Dopo 18 mesi dal mio ingresso in questa diocesi, quale successore di san Valentino, intendo ringraziare il Signore, i confratelli sacerdoti e diaconi, i religiosi e tutto il popolo di Dio per quanto mi è stato dato di comprendere e di operare. Intendo proseguire con piccoli passi, in stile sinodale e con la collaborazione di tutti, in dialogo con le Istituzioni e le aggregazioni civili e sociali sulla strada intrapresa dal programma “Comunione e missione nel segno della misericordia”, secondo le consegne del Concilio Vaticano II, attualizzate da Papa Francesco. San Valentino, insieme a san Giovenale e a s. Fermina sono per noi modello di coerenza ai principi della fede e della ragione, di attenzione alla società e di intercessione e spinta per la nostra fedeltà alla vocazione e missione. Il ritrovarci qui, mi rivolgo soprattutto a voi rappresentanti delle istituzione, è occasione opportuna per celebrare il vostro giubileo. Viviamolo insieme: vescovo, preti, diaconi, laici e Istituzioni: un’unica famiglia che viene accolta dalla bontà e misericordia del Padre.

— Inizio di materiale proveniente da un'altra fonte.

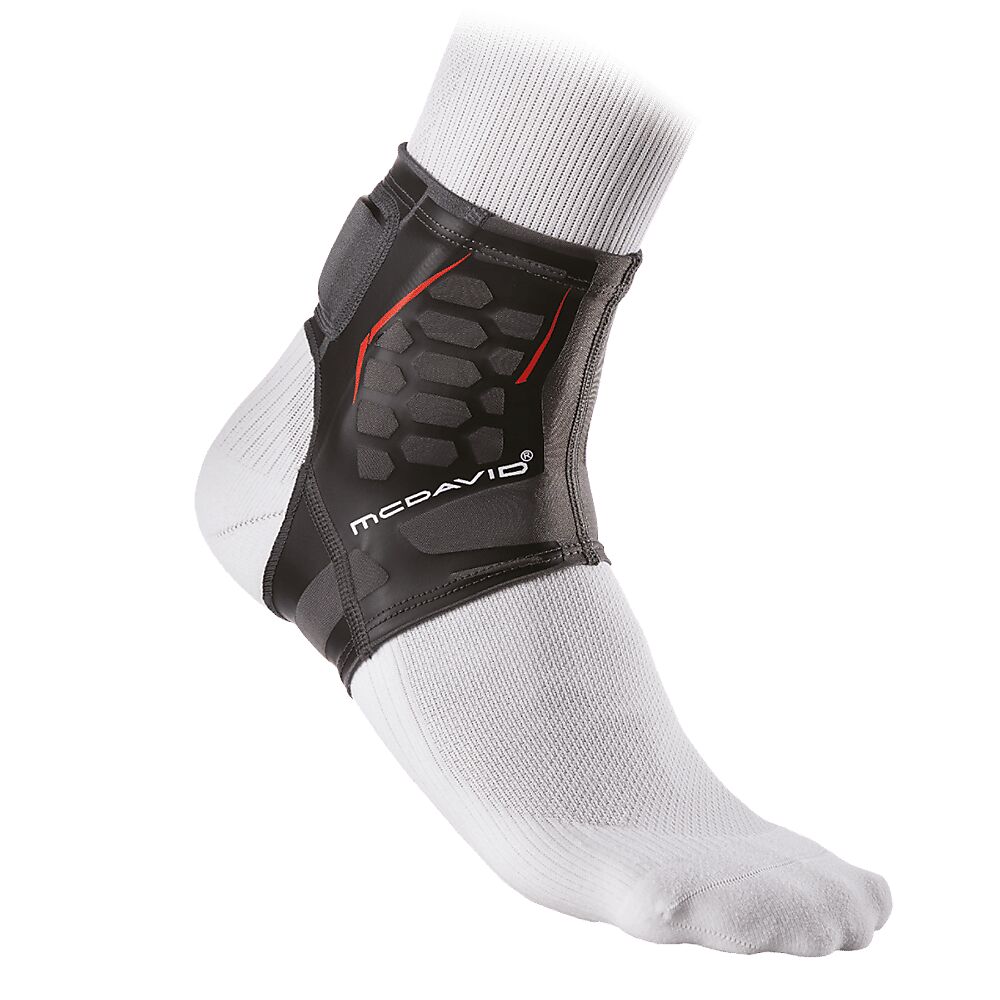 4100R-BK_Elite Runners Therapy Achilles Sleeve Black_Main.png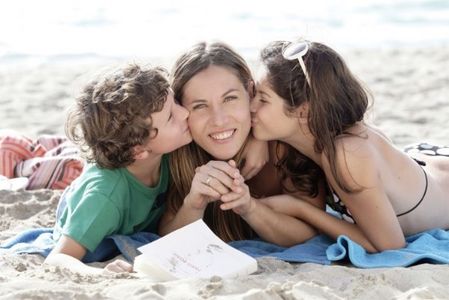 Mathilde Seigner, Bertille Chabert, and Jean-Baptiste Fonck in Alternate Weeks (and Half the Vacation) (2009)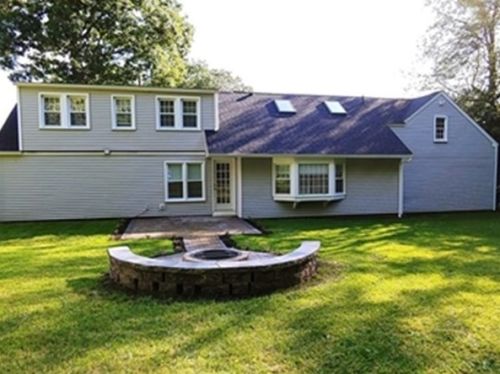 27 Southview Rd, Worcester, MA 01606-2544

Non scoraggiamoci per le difficoltà e per le incoerenze religiose, morali e civili da cui ci sentiamo appesantiti. Le tentazioni di cui parla la liturgia odierna hanno accompagnato Gesù, San Valentino e sono il pane quotidiano di ognuno di noi. Gesù ci insegna che l’umile attenzione alla sua Parola e il riconoscimento di Dio come unico Signore, saranno il pane che alimenta la speranza e rafforza la nostra coerenza. Misericordia, grazia e gioia per voi, fratelli e sorelle, nel nome di san Valentino.